Azure Cosmos DB offers features that facilitate data availability and resiliency. However, there is also a different, very important aspect of facilitating access to distributed data sources in the most optimal manner, which focuses on access control mechanisms. Specifics of this aspect applicable to Azure Cosmos DB will be the subject of this article.
From a security standpoint, the recommended approach to access control is based on two principles. The first one, referred to as defense in depth involves protecting a target workload by using a combination of different security mechanisms, including, authentication, authorization, encryption, logging and auditing, and network level protection. The second one, known as the principle of least privilege requires that the level of access granted provides precisely the extent of privileges required by authorized users and applications to carry out their tasks.
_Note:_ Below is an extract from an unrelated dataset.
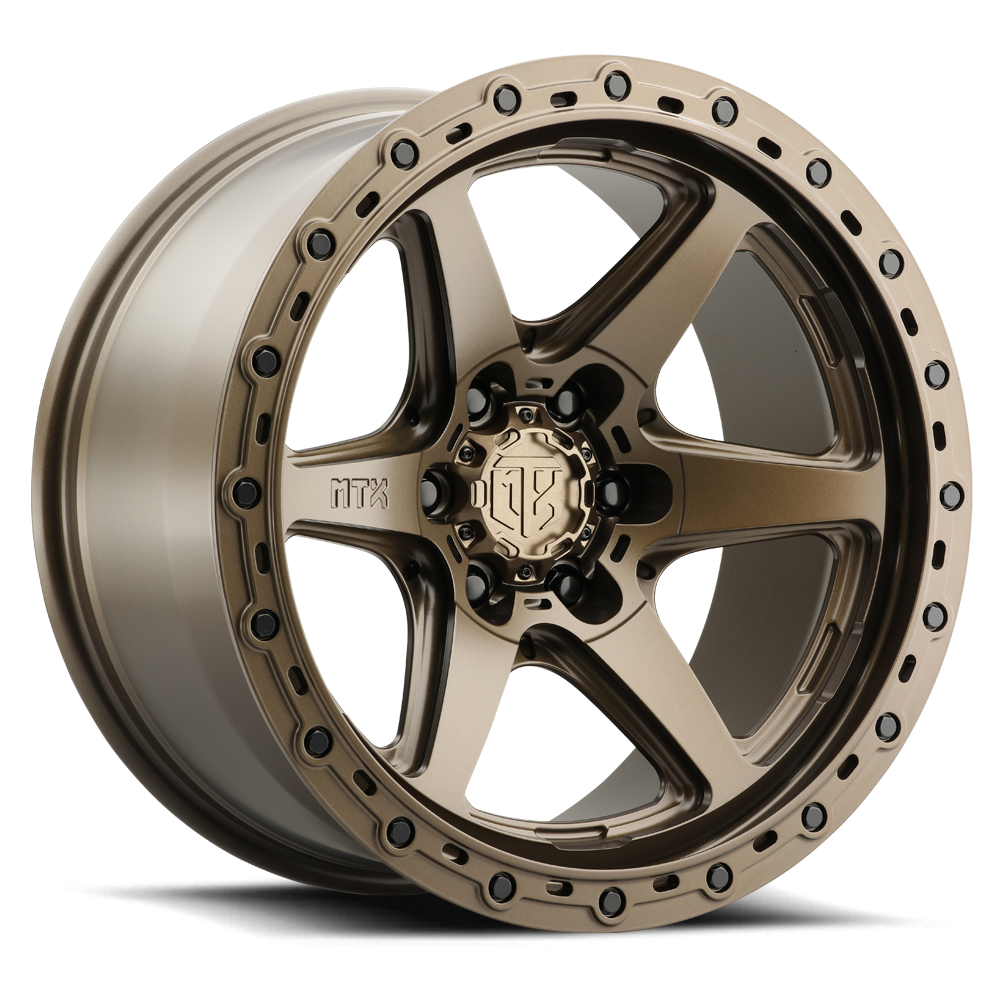MTX Spitfire 6 Bronze 20x9in / 6x135 BP / 19mm Offset / 106.1mm Bore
In regard to Azure Cosmos DB, its first line of defense is established on the network layer. It is important to point out that unlike other Azure data store offerings, such as Azure SQL Database, by default, all inbound connections to Cosmos DB are not blocked on the network level. However, you have the option of enabling IP Access Control. Once enabled, it becomes necessary to explicitly allow access based on one or more of the following settings:
- Allow access to Azure portal - this setting controls connectivity on the data plane from Azure portal.
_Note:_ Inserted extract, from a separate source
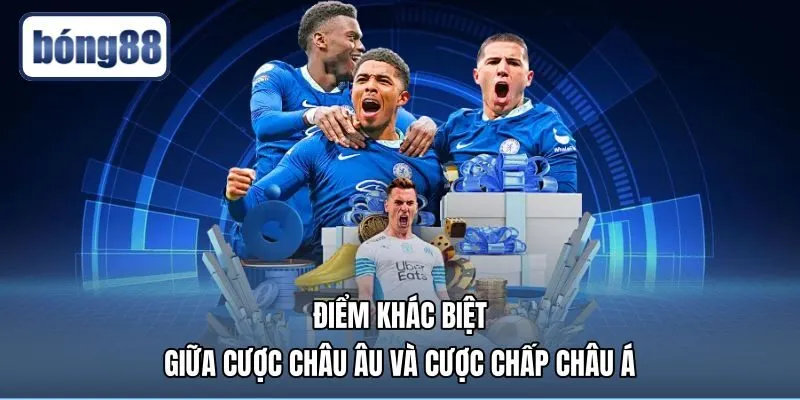 Cách đọc kèo châu Âu và phân biệt cược chấp châu Á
- Allow access to Azure services - this setting controls connectivity from Azure services, such as Azure Functions or Azure Stream Analytics. Note that this is simply an on/off switch (corresponding to the 0.0.0.0 firewall rule), which means that it is not possible to restrict connectivity to arbitrarily chosen Azure services only.
- Add my current IP - this setting controls connectivity on the data plane from the computer which you are using to run the browser window displaying Azure portal.
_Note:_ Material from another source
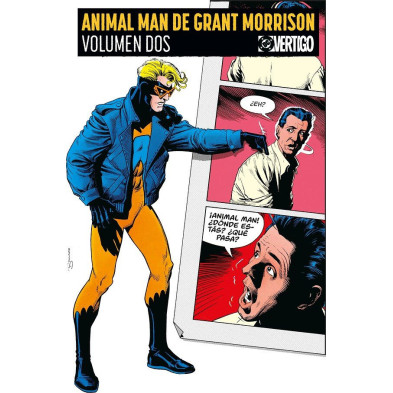 ANIMAL MAN DE GRANT MORRISON 2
- IP (single IPv4 or CIDR range) - this setting controls connectivity on the data plane from specific IPv4 addresses or ranges of IPv4 addresses that you designate.
Besides network-level security, you also control access on the data plane by relying on the Cosmos DB data access model. This model is based on usage of keys, somewhat similar to the access control mechanism used by Azure Storage. Cosmos DB supports two types of keys:
- Master keys grant permissions for administrative purposes. They allow you to delegate privileges to manage the database account, its databases, database users, and user permissions.
- Resource tokens grant data access to individual users based on the permissions to databases resources, including collections, documents, stored procedures, triggers, and user defined functions (UDF) that are assigned to these users. Configuring these permissions requires a knowledge of the value of the master key.
There are two, auto-generated master keys per database account, which provide full access on the account level. You can regenerate either of them on demand. Having two keys allows you to periodically change one of them while using the other, ensuring uninterrupted data plane access. Once the first key has been changed, you could start using this key instead, allowing you to change the second one, without disruption to data plane operations.
In addition to the two account keys that provide full account access, there are also two read-only keys. Note that they do not allow reading permissions set on the resource level.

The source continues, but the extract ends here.